### Task inputs

========================================================================

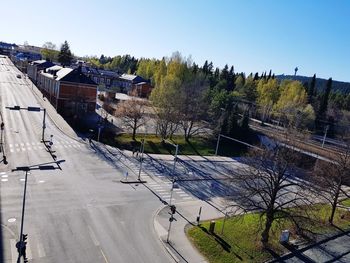 High angle view of trees and buildings against clear sky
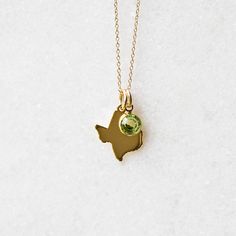 a gold plated necklace with a green crystal in the shape of a state on it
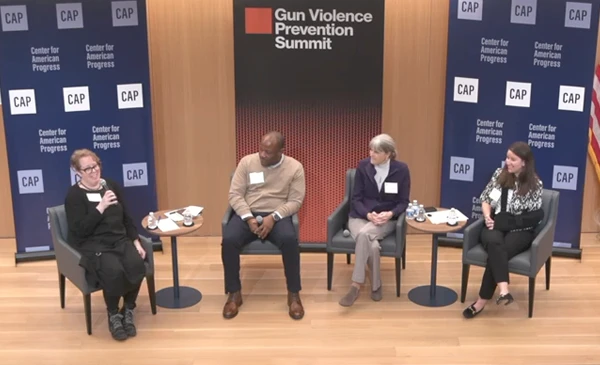Four people sitting on a stage with Gun Violence Prevention Summit banners behind them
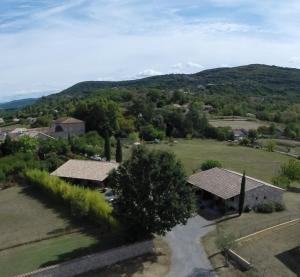 an aerial view of a house with mountains in the background at Mirabel #2, Maisonette, terrace and pool access in Grospierres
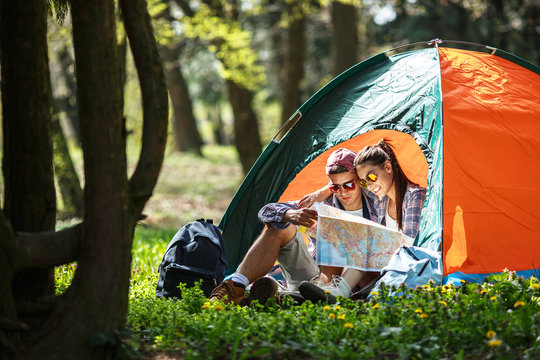 Couple camping. Young couple sitting in front of the tent and examining the map.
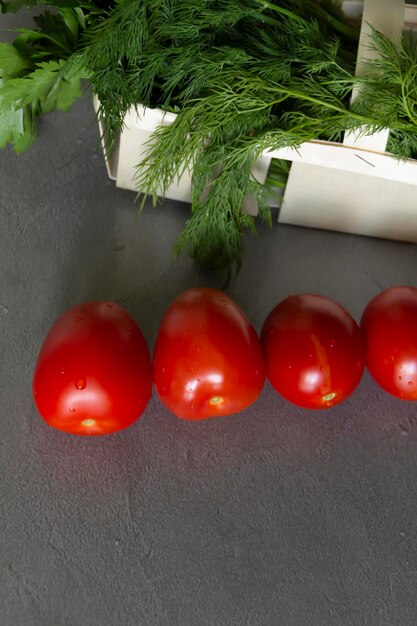 Fresh tomatoes and dill greens with parsley in a basket of vines lie on a gray table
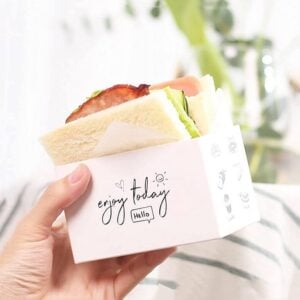 Custom toast packaging box held in one hand, a printed carton sized to hold a filled sandwich.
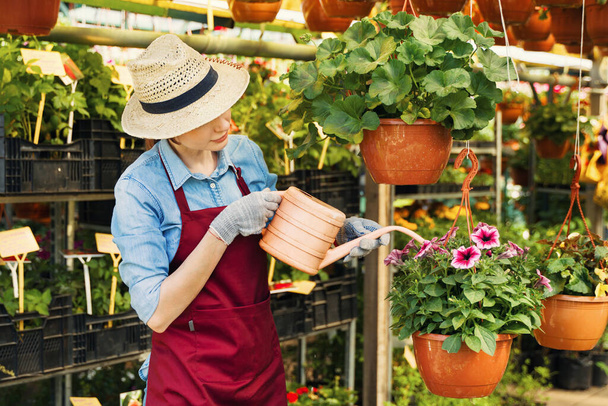 Jardineiro mulher em chapéu e luvas trabalha com flores na estufa. - Foto, Imagem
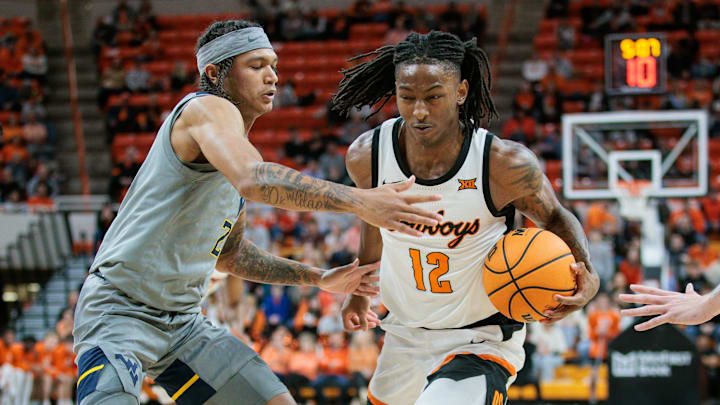 Jan 27, 2024; Stillwater, Oklahoma, USA; Oklahoma State Cowboys guard Javon Small (12) drives around West Virginia Mountaineers guard RaeQuan Battle (21) during the first half at Gallagher-Iba Arena. Mandatory Credit: William Purnell-Imagn Images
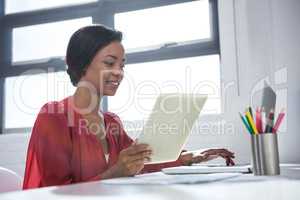 Woman using laptop and holding digital tablet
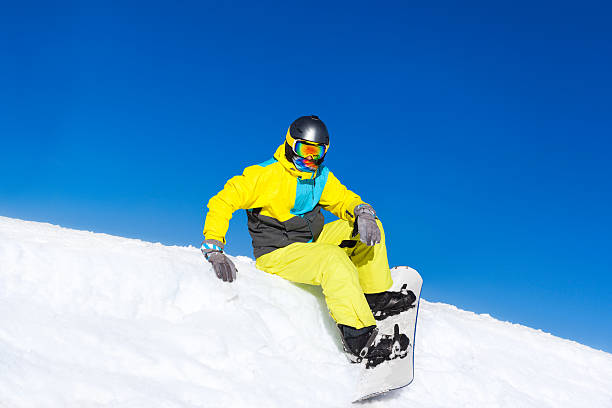 istock Snowboarder sitting on snow mountains 502118017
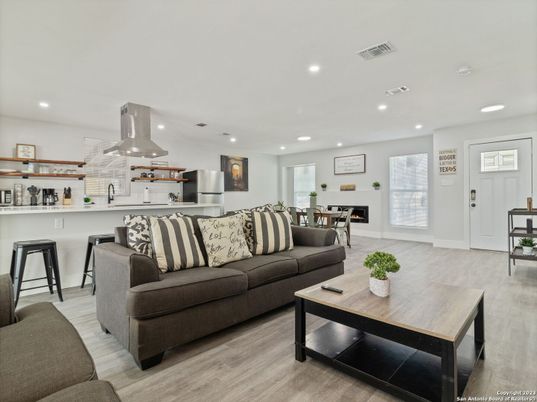Dining room, Fireplace, Interior, Kitchen, Living room, Recessed Lighting, Stainless Steel Appliances, Wood Texture Flooring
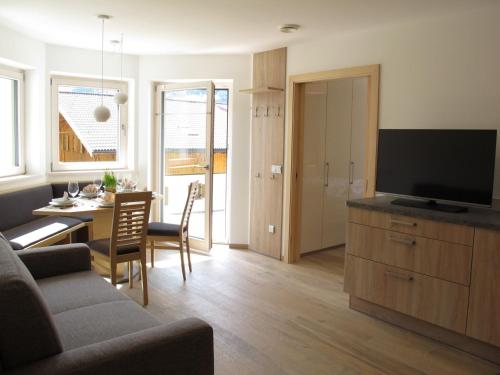 a living room with a couch and a table with a television at Apartment Spieglhof-1 by Interhome in Sarntal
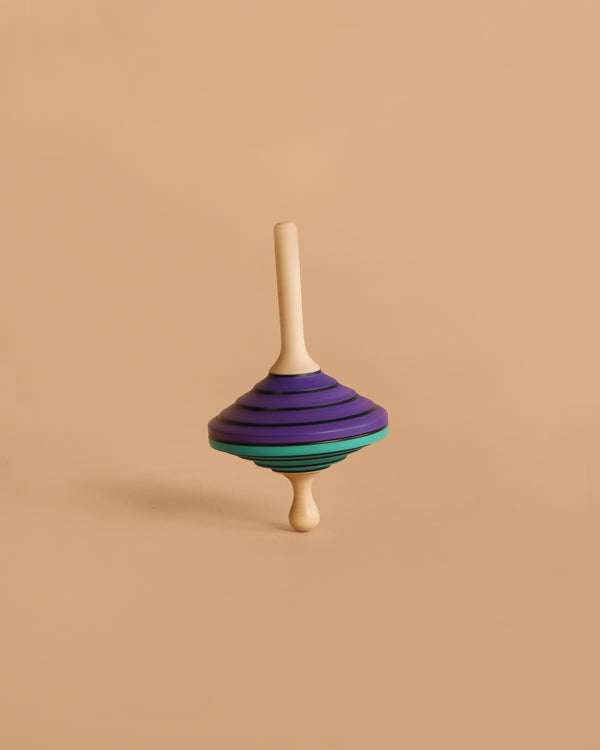The Mader Tukanino Spinning Top - Purple, crafted from maple with a cream handle and purple, black, and green stripes, stands upright against a beige background, capturing the playful spirit of Austrian toys.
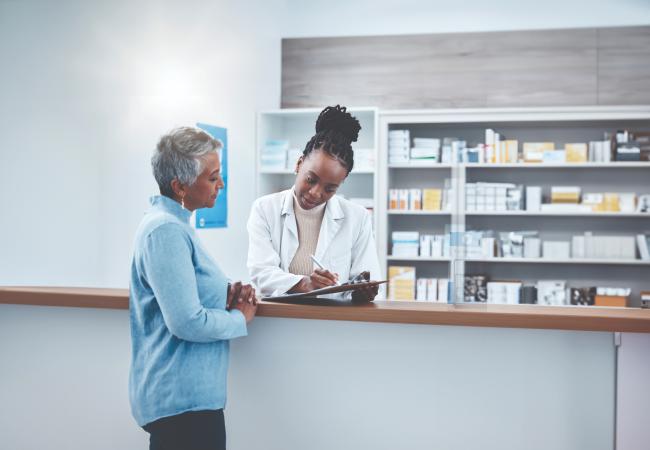 Pharmacist holding clipboard and explaining medications to person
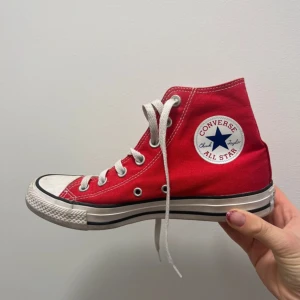 Röda Converse All Star high-tops - Klassiska röda Converse All Star high-tops med vit tå och sula, samt vita snören. Skon har rund tå och den ikoniska loggan på sidan. Tillverkad i canvas med gummisula, perfekt för en cool och avslappnad stil.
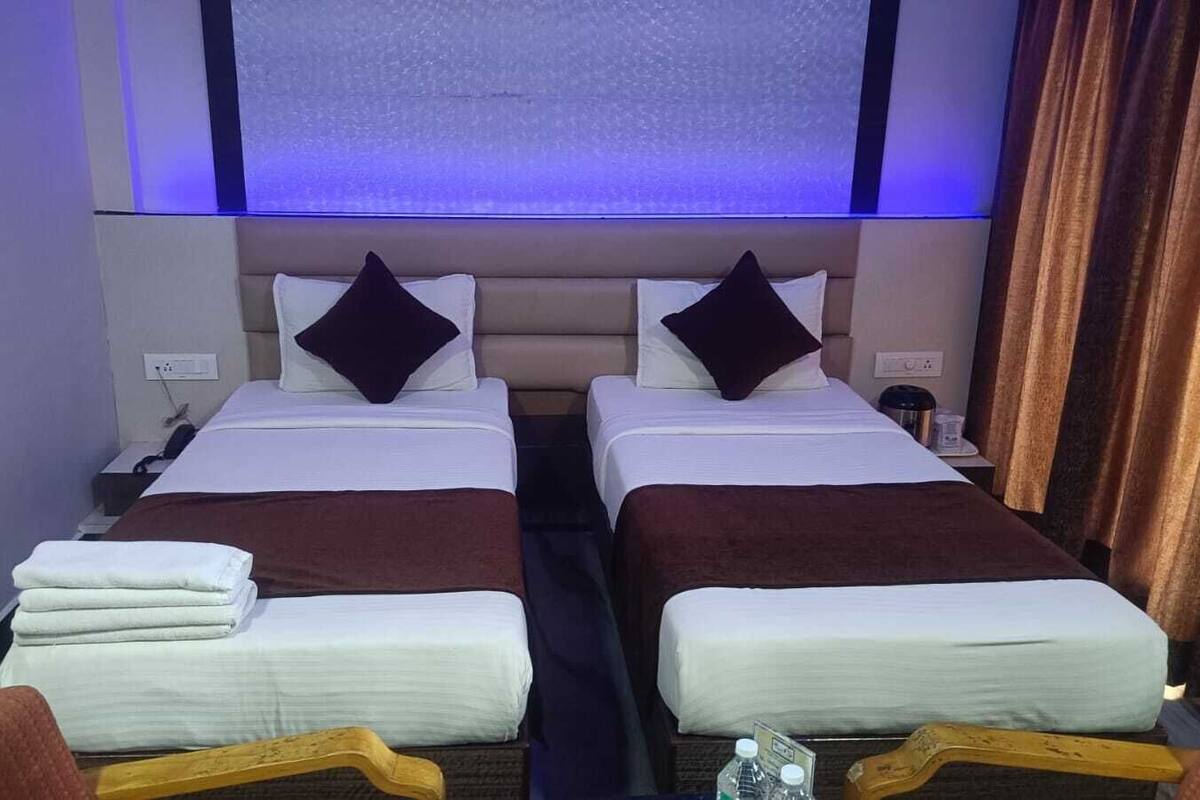 Habitación de hotel con dos camas, cada una con una almohada y una manta. Hay una mesita de noche con una lámpara y un pequeño escritorio con una botella y una caja de pañuelos.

========================================================================

### Exercise
Restate the whole listing above exactly, please, omitting every image.

### Your response
 High angle view of trees and buildings against clear sky
 a gold plated necklace with a green crystal in the shape of a state on it
Four people sitting on a stage with Gun Violence Prevention Summit banners behind them
 an aerial view of a house with mountains in the background at Mirabel #2, Maisonette, terrace and pool access in Grospierres
 Couple camping. Young couple sitting in front of the tent and examining the map.
 Fresh tomatoes and dill greens with parsley in a basket of vines lie on a gray table
 Custom toast packaging box held in one hand, a printed carton sized to hold a filled sandwich.
 Jardineiro mulher em chapéu e luvas trabalha com flores na estufa. - Foto, Imagem
 Jan 27, 2024; Stillwater, Oklahoma, USA; Oklahoma State Cowboys guard Javon Small (12) drives around West Virginia Mountaineers guard RaeQuan Battle (21) during the first half at Gallagher-Iba Arena. Mandatory Credit: William Purnell-Imagn Images
 Woman using laptop and holding digital tablet
 istock Snowboarder sitting on snow mountains 502118017
Dining room, Fireplace, Interior, Kitchen, Living room, Recessed Lighting, Stainless Steel Appliances, Wood Texture Flooring
 a living room with a couch and a table with a television at Apartment Spieglhof-1 by Interhome in Sarntal
The Mader Tukanino Spinning Top - Purple, crafted from maple with a cream handle and purple, black, and green stripes, stands upright against a beige background, capturing the playful spirit of Austrian toys.
 Pharmacist holding clipboard and explaining medications to person
 Röda Converse All Star high-tops - Klassiska röda Converse All Star high-tops med vit tå och sula, samt vita snören. Skon har rund tå och den ikoniska loggan på sidan. Tillverkad i canvas med gummisula, perfekt för en cool och avslappnad stil.
 Habitación de hotel con dos camas, cada una con una almohada y una manta. Hay una mesita de noche con una lámpara y un pequeño escritorio con una botella y una caja de pañuelos.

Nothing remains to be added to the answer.